In 1966, Trinity received substantial funds from the newly founded National Endowment for the Arts to fund the landmark Project Discovery program, which allowed high school students from all over the state to attend professional live theater for free. This brought a fair amount of attention to the theater, both in the state as well as nationally, and the funding from the NEA also helped to stabilize the theater’s financial health. In 1968, Trinity Rep became the first American theater company to perform at the Edinburgh International Festival in Scotland.
By 1973, Trinity Rep moved to its present home, the Lederer Theater Center at 201 Washington Street in downtown Providence. Formerly a historical vaudeville performance house known as the Emery Majestic Theater, the historic building was refashioned to house two performance spaces: the 500+ seat Elizabeth and Malcolm Chace Theater and the 250+ seat Sarah and Joseph Dowling, Jr. Theater, as well as offices, production shops, and rehearsal halls. In 1977, the Trinity Rep Conservatory, a graduate studies program in acting and directing, first opened.

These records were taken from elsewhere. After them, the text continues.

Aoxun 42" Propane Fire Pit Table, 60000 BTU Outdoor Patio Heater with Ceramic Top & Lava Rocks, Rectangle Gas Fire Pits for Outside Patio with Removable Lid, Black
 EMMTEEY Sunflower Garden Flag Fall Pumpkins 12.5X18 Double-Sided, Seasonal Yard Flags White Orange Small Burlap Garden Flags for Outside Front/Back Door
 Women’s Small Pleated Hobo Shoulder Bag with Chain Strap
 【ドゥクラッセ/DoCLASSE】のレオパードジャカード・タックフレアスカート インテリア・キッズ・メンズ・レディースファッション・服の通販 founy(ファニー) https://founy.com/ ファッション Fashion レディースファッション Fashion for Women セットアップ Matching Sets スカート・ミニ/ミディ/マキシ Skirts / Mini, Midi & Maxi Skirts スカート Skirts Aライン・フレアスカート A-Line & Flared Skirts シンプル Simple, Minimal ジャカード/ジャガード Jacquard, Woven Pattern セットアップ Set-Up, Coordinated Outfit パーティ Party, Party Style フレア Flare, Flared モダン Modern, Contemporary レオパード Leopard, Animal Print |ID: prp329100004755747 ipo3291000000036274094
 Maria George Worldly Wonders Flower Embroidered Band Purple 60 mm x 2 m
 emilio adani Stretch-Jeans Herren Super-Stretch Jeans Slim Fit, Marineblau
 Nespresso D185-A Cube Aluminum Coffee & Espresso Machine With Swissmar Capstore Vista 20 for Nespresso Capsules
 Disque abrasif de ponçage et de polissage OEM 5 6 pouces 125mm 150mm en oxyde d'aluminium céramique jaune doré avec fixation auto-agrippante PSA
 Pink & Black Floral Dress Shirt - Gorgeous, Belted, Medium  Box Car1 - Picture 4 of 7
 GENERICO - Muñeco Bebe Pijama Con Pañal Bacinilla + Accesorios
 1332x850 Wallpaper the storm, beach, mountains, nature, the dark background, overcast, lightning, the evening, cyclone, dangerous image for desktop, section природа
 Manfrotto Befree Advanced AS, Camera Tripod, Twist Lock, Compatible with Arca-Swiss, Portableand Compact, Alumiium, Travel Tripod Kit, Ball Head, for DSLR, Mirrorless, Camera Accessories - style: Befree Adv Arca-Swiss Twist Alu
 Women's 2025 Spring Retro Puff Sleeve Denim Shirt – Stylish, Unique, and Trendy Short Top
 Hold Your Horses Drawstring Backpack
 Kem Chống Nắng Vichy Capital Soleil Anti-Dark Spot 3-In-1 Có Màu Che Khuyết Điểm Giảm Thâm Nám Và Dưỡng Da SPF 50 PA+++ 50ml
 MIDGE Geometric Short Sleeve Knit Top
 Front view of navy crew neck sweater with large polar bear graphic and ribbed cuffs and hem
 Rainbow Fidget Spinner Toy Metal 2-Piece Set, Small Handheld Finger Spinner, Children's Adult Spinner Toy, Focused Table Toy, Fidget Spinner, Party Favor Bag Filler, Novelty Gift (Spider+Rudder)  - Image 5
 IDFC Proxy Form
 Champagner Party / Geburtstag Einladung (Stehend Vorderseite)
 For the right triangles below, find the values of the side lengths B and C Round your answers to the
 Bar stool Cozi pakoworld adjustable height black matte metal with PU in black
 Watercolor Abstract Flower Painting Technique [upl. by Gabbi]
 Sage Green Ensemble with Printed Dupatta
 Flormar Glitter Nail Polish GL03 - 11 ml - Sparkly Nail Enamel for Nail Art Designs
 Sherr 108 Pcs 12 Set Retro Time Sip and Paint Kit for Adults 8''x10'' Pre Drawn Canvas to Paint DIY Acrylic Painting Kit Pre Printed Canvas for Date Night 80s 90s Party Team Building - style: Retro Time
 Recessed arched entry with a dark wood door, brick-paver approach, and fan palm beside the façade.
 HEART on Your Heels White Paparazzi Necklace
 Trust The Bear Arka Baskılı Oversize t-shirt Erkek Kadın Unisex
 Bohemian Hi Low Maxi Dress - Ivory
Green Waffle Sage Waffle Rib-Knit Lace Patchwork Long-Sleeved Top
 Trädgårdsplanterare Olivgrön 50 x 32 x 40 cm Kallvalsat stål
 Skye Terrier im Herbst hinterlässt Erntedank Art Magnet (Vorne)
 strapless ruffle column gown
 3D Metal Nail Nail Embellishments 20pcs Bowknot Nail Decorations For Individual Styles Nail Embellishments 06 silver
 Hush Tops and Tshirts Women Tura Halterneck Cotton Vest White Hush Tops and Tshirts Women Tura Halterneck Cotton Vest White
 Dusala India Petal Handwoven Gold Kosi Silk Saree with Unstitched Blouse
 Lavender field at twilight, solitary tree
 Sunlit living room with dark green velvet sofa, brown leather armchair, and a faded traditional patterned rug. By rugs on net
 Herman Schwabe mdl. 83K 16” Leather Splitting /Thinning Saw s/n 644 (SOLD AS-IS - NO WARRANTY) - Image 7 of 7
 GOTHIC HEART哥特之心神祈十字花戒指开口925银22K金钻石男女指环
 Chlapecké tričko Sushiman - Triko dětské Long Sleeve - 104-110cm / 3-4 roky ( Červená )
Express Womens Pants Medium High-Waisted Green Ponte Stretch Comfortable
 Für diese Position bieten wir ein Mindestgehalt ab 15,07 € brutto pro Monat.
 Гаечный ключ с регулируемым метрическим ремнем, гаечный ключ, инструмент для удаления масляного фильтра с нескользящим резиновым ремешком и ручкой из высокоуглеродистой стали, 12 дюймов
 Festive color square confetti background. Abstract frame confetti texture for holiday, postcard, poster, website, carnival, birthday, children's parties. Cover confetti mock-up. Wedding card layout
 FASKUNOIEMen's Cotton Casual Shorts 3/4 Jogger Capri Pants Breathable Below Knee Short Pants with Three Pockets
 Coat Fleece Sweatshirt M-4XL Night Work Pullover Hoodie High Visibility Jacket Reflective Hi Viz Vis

Trinity’s reputation continued to grow, culminating in the company receiving the Tony Award for Outstanding Regional Theater Company in 1981. During the next decade, the theater produced four television productions for PBS, toured India and Syria, and continued to show a strong commitment to the development of new works. In 1989, Adrian Hall passed the torch to Anne Bogart, who spent a year as artistic director before resident acting company member and associate director Richard Jenkins assumed the job for the next four years.
In 1994, Oskar Eustis became Trinity Rep’s fourth artistic director, and oversaw a period of substantial artistic and financial growth. In 2001, a partnership between Trinity Rep and Brown University created the Brown/Trinity Rep MFA program for actors and directors. In 2005, thanks to the support of Citizens Bank, Trinity Rep opened the Pell Chafee Performance Center on Empire Street, just a block from the Lederer Theater Center, which featured a theater space with flexible seating for up to 250 as well as a number of classrooms and rehearsal spaces to house the MFA program as well as Trinity Rep’s educational classes for children and adults.
In 2006, Curt Columbus, an accomplished playwright and translator, as well as a director, took over for acting artistic director Amanda Dehnert to helm Trinity Rep forward into the 21st century. In 2014, in celebration of Trinity Rep’s fiftieth anniversary, Trinity Rep was named the State Theater of Rhode Island. In 2019, Trinity Rep earned the highest-possible Charity Navigator 4-star rating, an indication of financial accountability, transparency, and health.
Today, as Rhode Island’s largest arts organization, Trinity Rep has a significant impact on the community, and is a linchpin of Providence’s arts and entertainment district. With an annual budget of $10 million, the theater employs over 100 artistic and administrative staff, and generates more than $13 million in economic activity each year. Trinity Rep’s educational initiatives continue to provide instruction and enrichment to people of all ages and abilities, and our Project Discovery program introduces over 16,000 children each year to live theater. The tuition-free Brown/Trinity Rep MFA program has become a leader in graduate training for actors and directors by offering in-depth training in conjunction with a professional theater, and is widely regarded as one of the best in the country.